“Going Home,” Jan. 31, 2017

We were sitting around a table in a borrowed house (thank you, Lynn and Phil) eating a take-out dinner (thank you, Tarpey’s) and laughing (thank you, Lord.)

My husband and I had driven from our home in Las Vegas, to Monterey, Calif., a place we once called home. My daughter and her husband and their 5-year-old, Henry, live nearby and joined us for dinner to celebrate the birthday of my oldest, who drove up from L.A.

The house where we were staying didn’t belong to us. But as I looked around that table at those people I love, and saw the smiles on their faces and the light in their eyes, this thought filled my mind and my heart and my soul: “We are home.”

What do you see if you close your eyes and picture “home”?

For me, it’s a beautiful mess of faces and places, sights and sounds, tastes and feelings and a whole lot of memories. It all began with my grandmothers.

My mother’s mother lived in a cracker box house on the main street of a small Southern town. We’d sit in a swing on her porch, she and I, watching the parade of life passing on the road: Old people driving slow, waving like friendly snails. Kids dangling off the backs of pickups. Dogs’ heads hanging out the windows.

We played a game answering questions: Where were all those people going? Had they been shopping? What did they buy? How much did they pay for it?
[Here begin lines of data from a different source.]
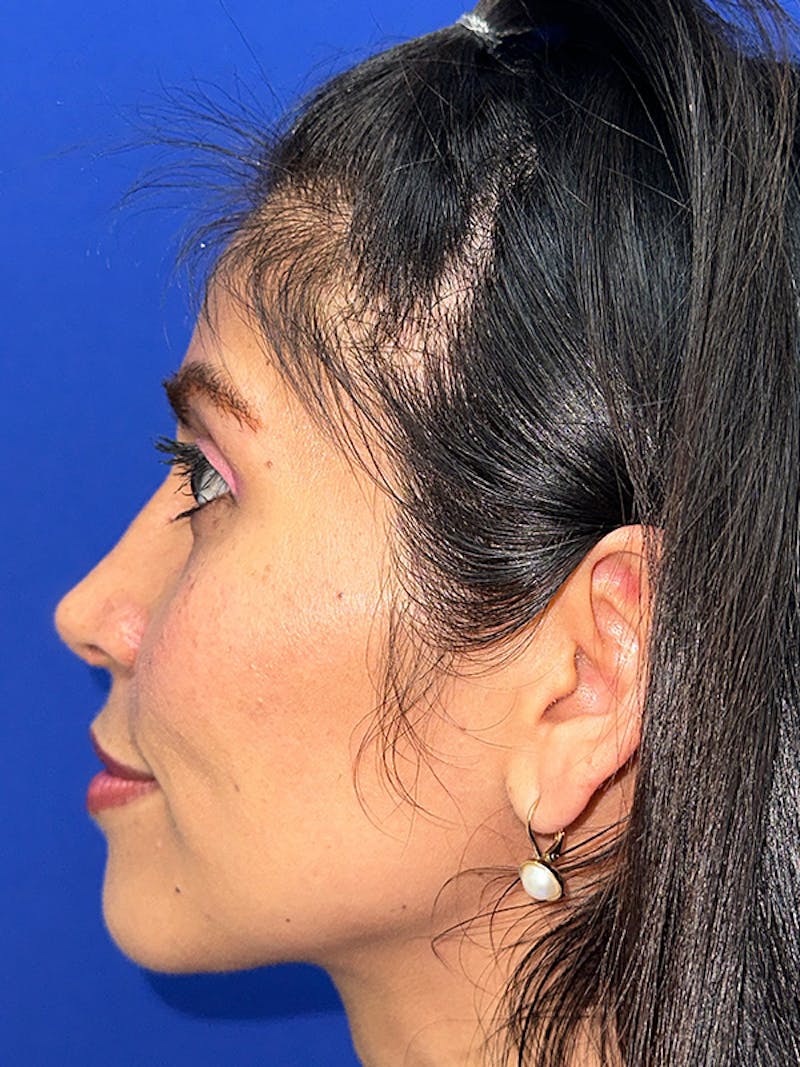 Rhinoplasty Before & After Gallery - Patient 229799 - Image 6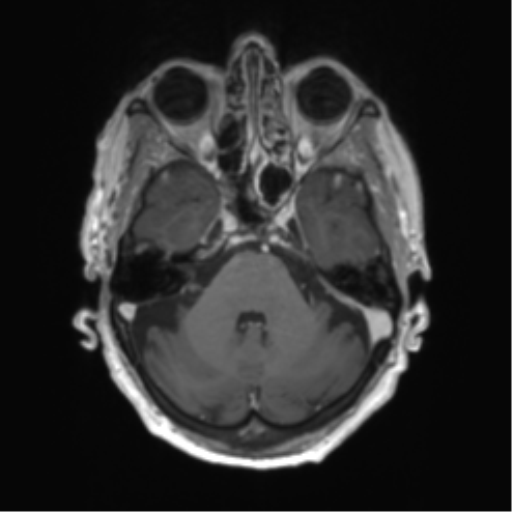 Central neurocytoma (Radiopaedia 65317-74345 Axial T1 C+ 10).png
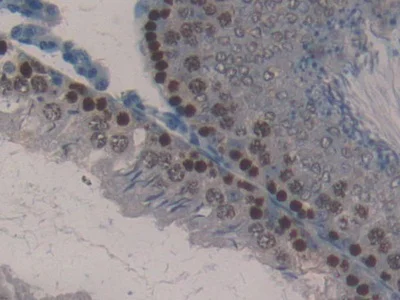 Immunohistochemistry (Formalin/PFA-fixed paraffin-embedded sections) - Anti-Kallikrein 4 antibody (AB231048)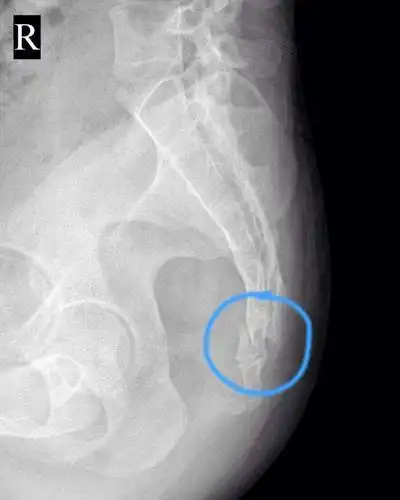 众所周知,人类从猿人进化过来,尾巴也随着退化成尾椎骨.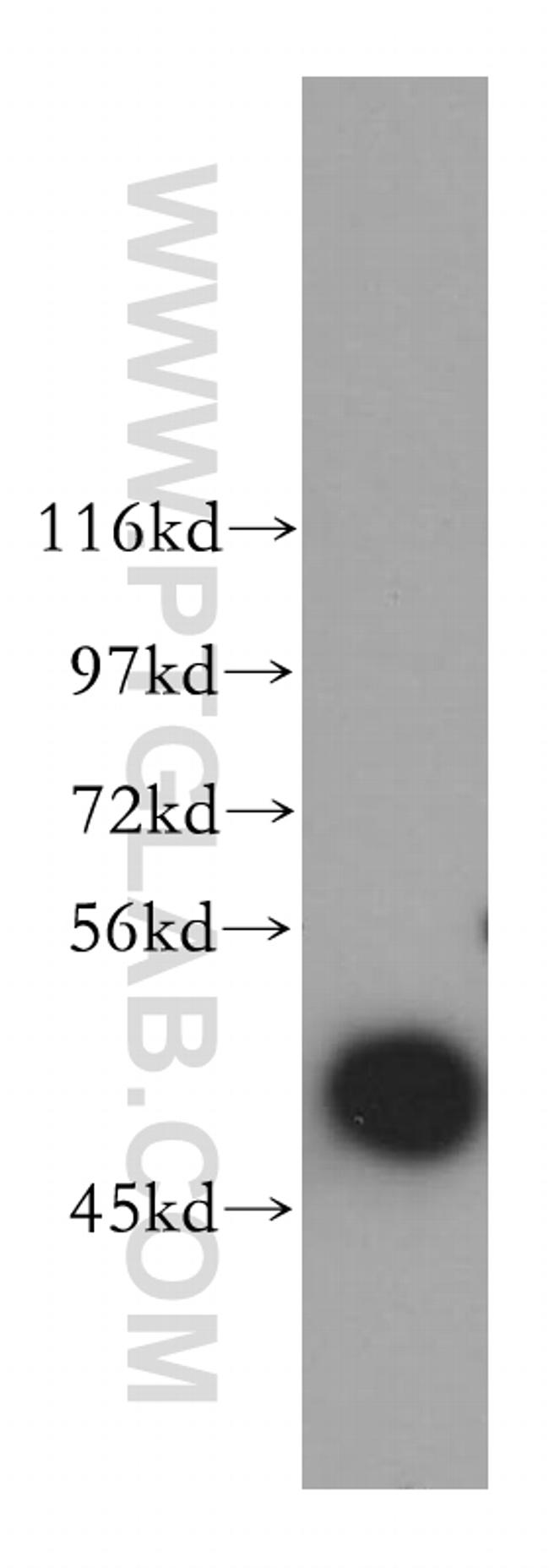 ARP3 Antibody in Western Blot (WB)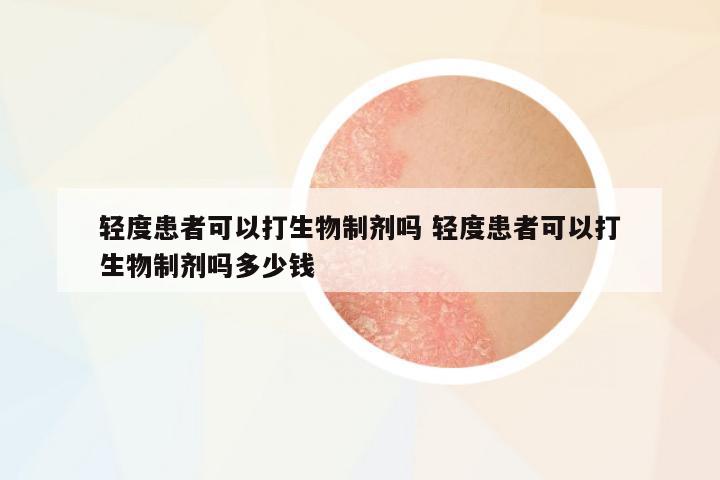輕度患者可以打生物制劑嗎 輕度患者可以打生物制劑嗎多少錢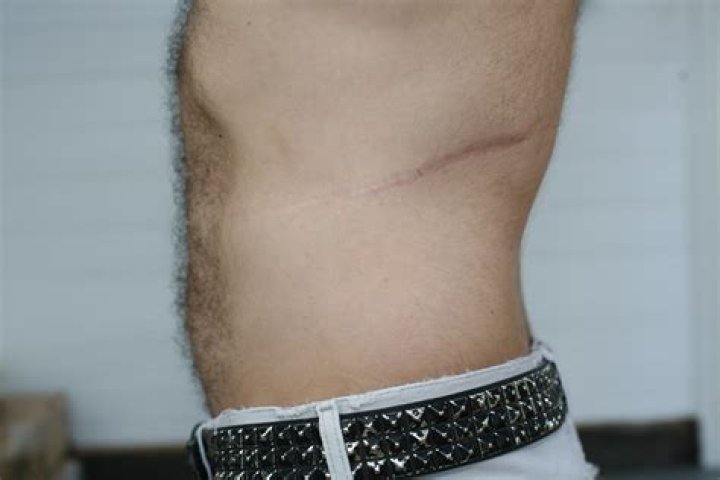 Scar You can save someone's life. You need only one kidney&hellip; Flickr
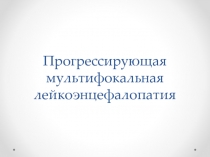 Прогрессирующая мультифокальная лейкоэнцефалопатия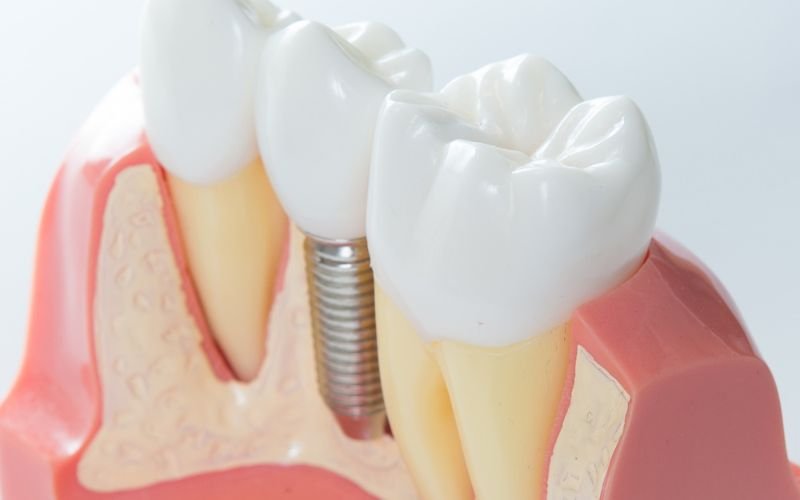 Dental Implants vs. Dentures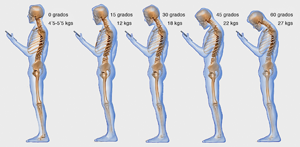 Los efectos de los tel�fonos sobre nuestro cuello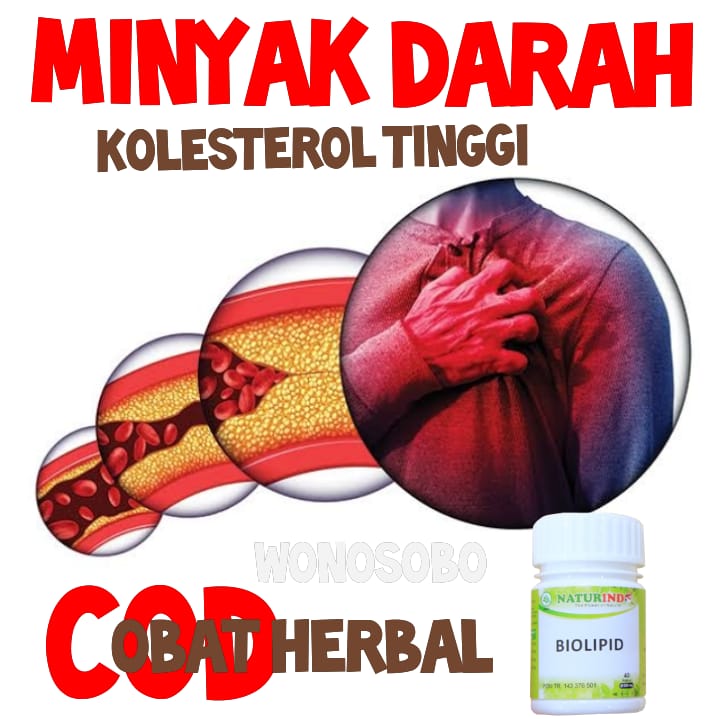 Obat Herbal Kolestrol Kolesterol Lemak Darah Kolestrol Ldl Hdl Kolestrol Tlegeserid Naturindo Cod Shopee Indonesia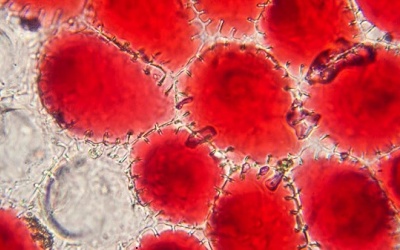 7 thói quen nguy hiểm khiến bạn dễ mắc ung thư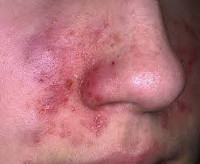 От чего возникает дерматит и чем его лечить thumbnail
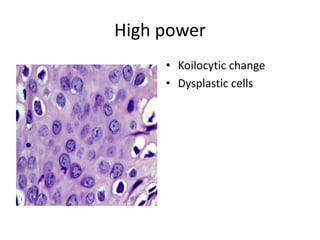 High power
• Koilocytic change
• Dysplastic cells
 
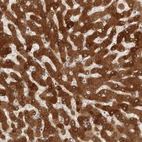 Immunohistochemical staining of human liver shows moderate membranous positivity in hepatocytes.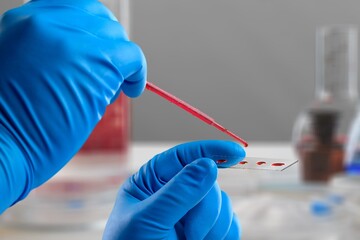 A disease blood test in doctor hand on the background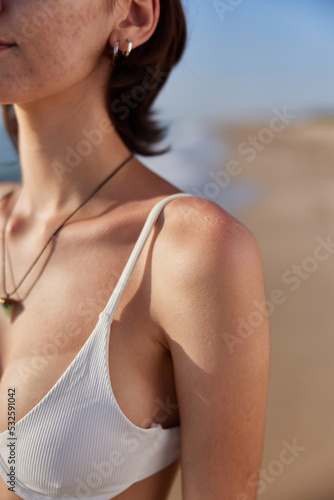Brunette woman with sunburned skin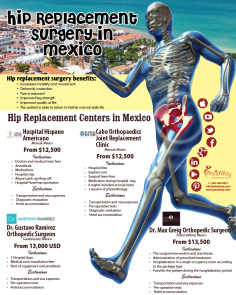 Infographics: Hip Replacement Surgery in Mexico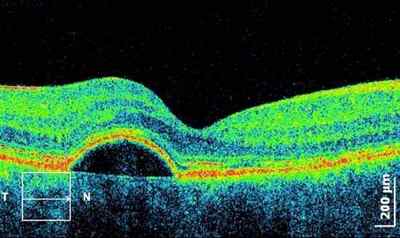 Оптична когерентна томографія сітківки ока (ОКТ): що це таке, особливості дослідження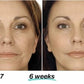Mabox Vitamin C Serum; Mabox 2.5% Retinol Moisturizer Face Cream [Buy Package Save MORE]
It wasn’t much of a game, but somehow, imagining the lives of strangers made me feel more at home.

My dad’s mother lived on a farm in the mountains, where the parade of life was Nature. Whenever I came to visit, we would walk for miles, picking berries, dodging snakes, wading barefoot in a creek, feeling the sun on our faces and the wind in our hair.

Some of us share a kinship with mountains and rivers and dirt that is as real and binding and nurturing as any connection we share with flesh and blood.

Thanks to my grandmothers, I learned to feel at home in two very different worlds. One was quiet and serene. (My older sister couldn’t stand it.) The other bustled with traffic and bristled with drama from my mother and her eight sisters.

But in both of those places, I felt wanted and safe and at peace. Most of all, I felt like myself. Home is a place where you get to be yourself _ your best self _ and to know that you belong.

It helps, of course, if you like the food. My grandmothers didn’t cook the same things in the same ways. It didn’t matter. Cornbread or biscuits, pinto beans or black-eyed peas, fried chicken or stewed venison, banana pudding or peach cobbler. It all tasted good to me.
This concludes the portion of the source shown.